(Caption-style text data)
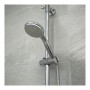 Pomme de douche Fontastock HERVÁS H 1/2" Chrome de Fontastock, Douches - Réf : S6500157, Prix : 6,78 €, Remise : %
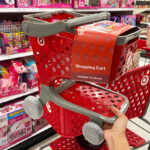 Target Toy Shopping Cart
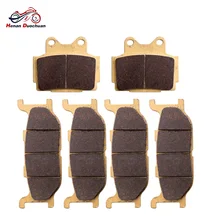 6pcs Motorcycle Front Rear Brake Pads Disc Set For YAMAHA XJ 600 S Diversion 92 93 94 95 96 97 98 99 00 01 02 03 6pcs Motorcycle Front Rear Brake Pads Disc Set For YAMAHA XJ 600 S Diversion 92 93 94 95 96 97 98 99 00 01 02 03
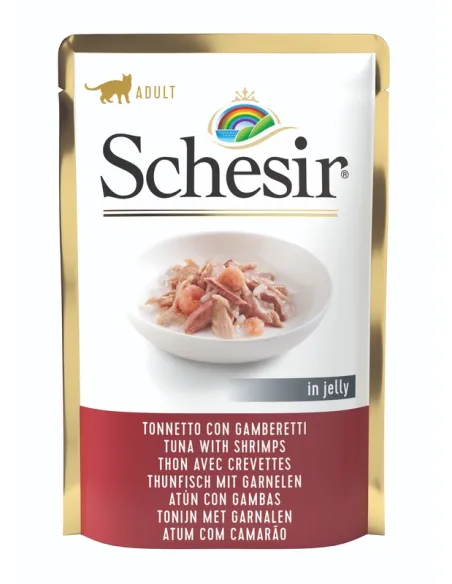Schesir Cat Tonnetto Gamberetti 85gr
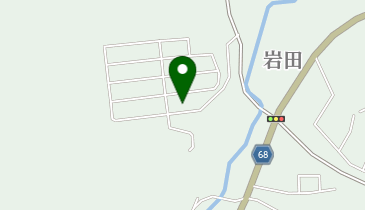 フジネームの地図画像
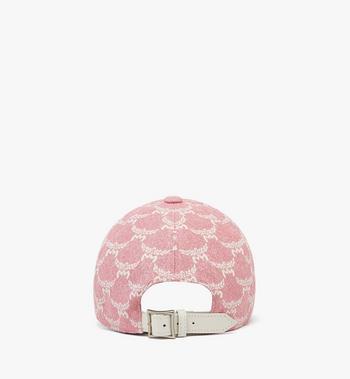 MCM Classic Cap In Lauretos Denim Jacquard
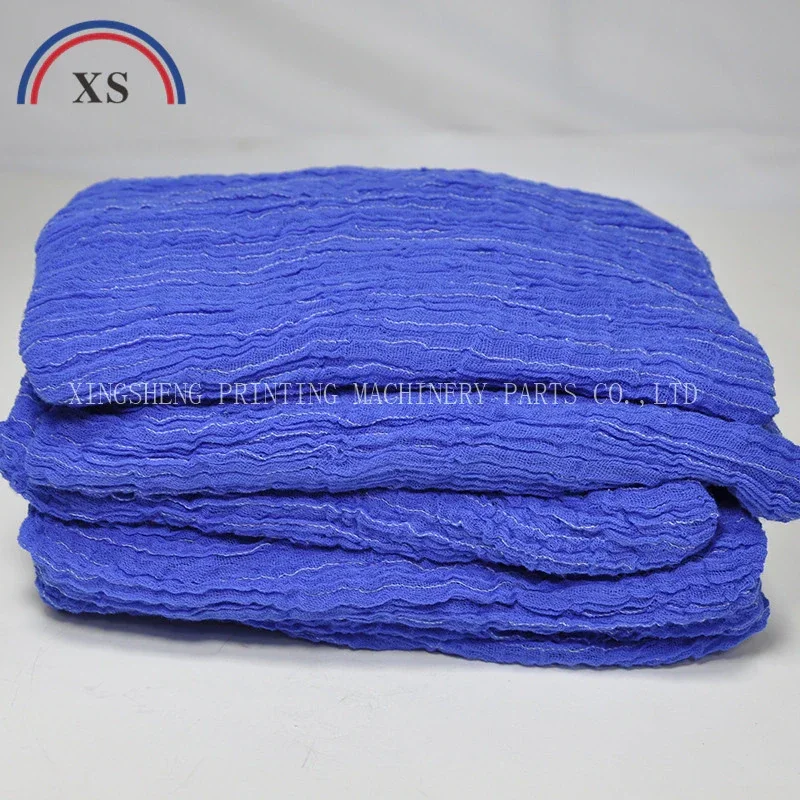 

Original 1 Box = 6 Pieces Roland Blue Cloth Super Bull Net 28'' Super Bull Net for Heidelberg SM74 SM102 CD102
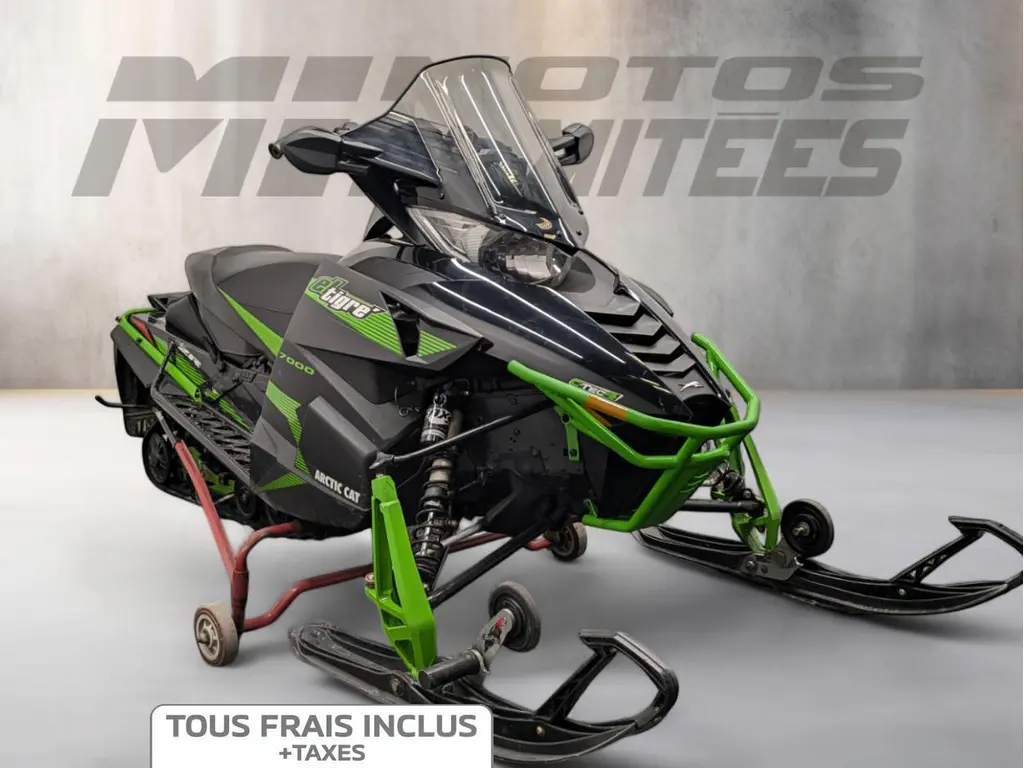 2016 Arctic Cat ZR7000 El Tigre 129 ES/R
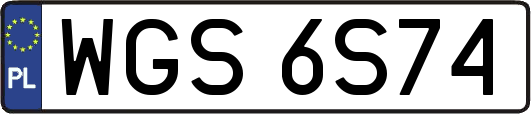 WGS6S74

Work item: Restate every line above word for word. Do not carry over the images.

Your response:
 Pomme de douche Fontastock HERVÁS H 1/2" Chrome de Fontastock, Douches - Réf : S6500157, Prix : 6,78 €, Remise : %
 Target Toy Shopping Cart
 6pcs Motorcycle Front Rear Brake Pads Disc Set For YAMAHA XJ 600 S Diversion 92 93 94 95 96 97 98 99 00 01 02 03 6pcs Motorcycle Front Rear Brake Pads Disc Set For YAMAHA XJ 600 S Diversion 92 93 94 95 96 97 98 99 00 01 02 03
Schesir Cat Tonnetto Gamberetti 85gr
 フジネームの地図画像
 MCM Classic Cap In Lauretos Denim Jacquard

Original 1 Box = 6 Pieces Roland Blue Cloth Super Bull Net 28'' Super Bull Net for Heidelberg SM74 SM102 CD102
 2016 Arctic Cat ZR7000 El Tigre 129 ES/R
 WGS6S74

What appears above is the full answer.